▸ Prompt:
After finding the line with "Well, here we" in the entries below, copy that line and each one after it exactly, through the last line, and omit pictures.

▸ Data to use:

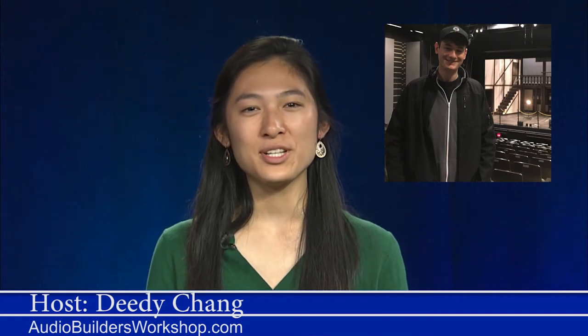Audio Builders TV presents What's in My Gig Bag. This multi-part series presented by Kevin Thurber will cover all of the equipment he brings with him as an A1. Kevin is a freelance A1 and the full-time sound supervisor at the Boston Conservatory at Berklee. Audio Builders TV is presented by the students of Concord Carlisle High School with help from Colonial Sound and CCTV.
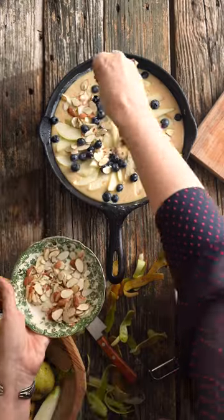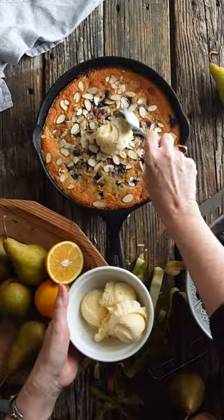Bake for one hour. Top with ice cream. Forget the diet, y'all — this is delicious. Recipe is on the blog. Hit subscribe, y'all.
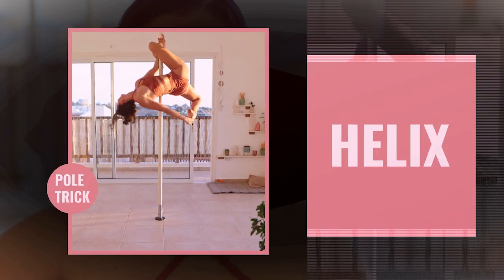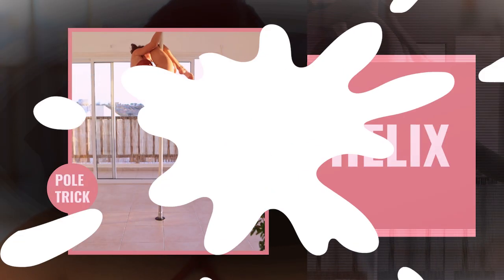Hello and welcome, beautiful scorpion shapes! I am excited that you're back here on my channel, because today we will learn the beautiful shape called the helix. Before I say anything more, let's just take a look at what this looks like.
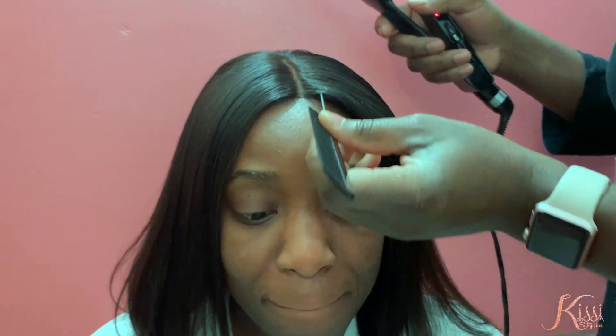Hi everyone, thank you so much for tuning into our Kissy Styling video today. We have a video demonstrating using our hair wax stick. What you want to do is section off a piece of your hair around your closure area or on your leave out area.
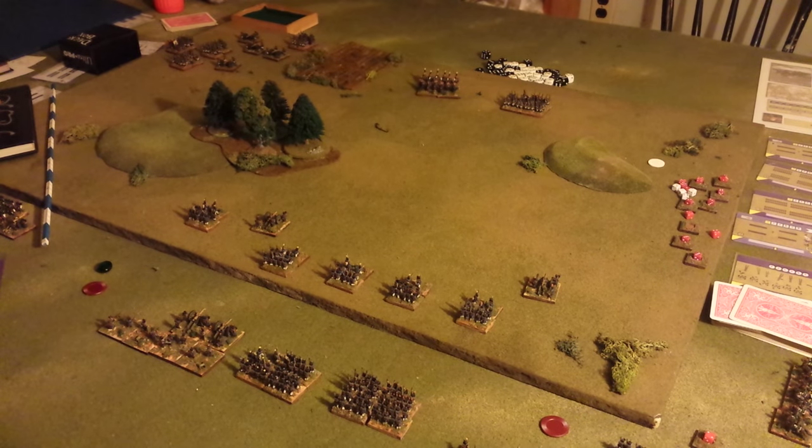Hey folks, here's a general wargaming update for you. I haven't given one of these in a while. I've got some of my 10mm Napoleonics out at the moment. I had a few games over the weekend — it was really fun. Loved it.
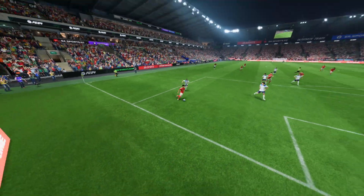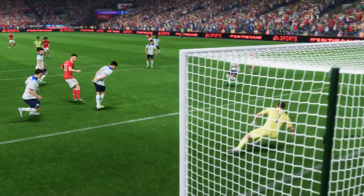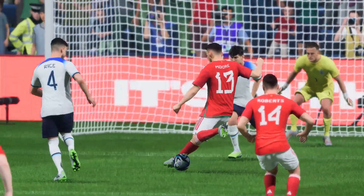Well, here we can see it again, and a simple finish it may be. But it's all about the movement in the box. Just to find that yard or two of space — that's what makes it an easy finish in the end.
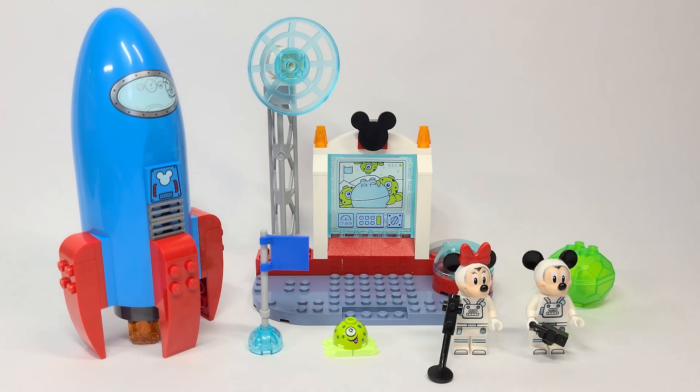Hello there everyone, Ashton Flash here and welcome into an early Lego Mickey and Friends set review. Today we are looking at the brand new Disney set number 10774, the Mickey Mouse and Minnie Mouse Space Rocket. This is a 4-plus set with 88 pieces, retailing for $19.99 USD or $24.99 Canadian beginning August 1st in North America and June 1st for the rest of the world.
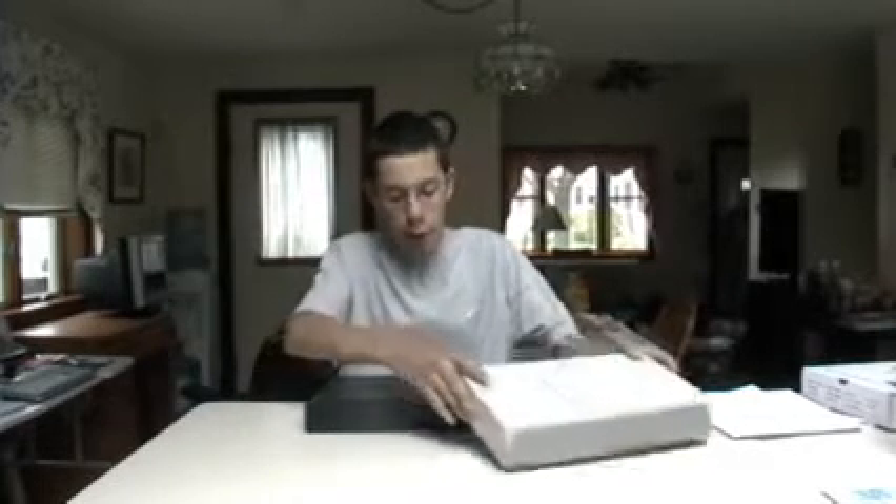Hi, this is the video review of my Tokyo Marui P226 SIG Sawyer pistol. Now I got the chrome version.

▸ Final answer:
Well, here we can see it again, and a simple finish it may be. But it's all about the movement in the box. Just to find that yard or two of space — that's what makes it an easy finish in the end.
Hello there everyone, Ashton Flash here and welcome into an early Lego Mickey and Friends set review. Today we are looking at the brand new Disney set number 10774, the Mickey Mouse and Minnie Mouse Space Rocket. This is a 4-plus set with 88 pieces, retailing for $19.99 USD or $24.99 Canadian beginning August 1st in North America and June 1st for the rest of the world.
Hi, this is the video review of my Tokyo Marui P226 SIG Sawyer pistol. Now I got the chrome version.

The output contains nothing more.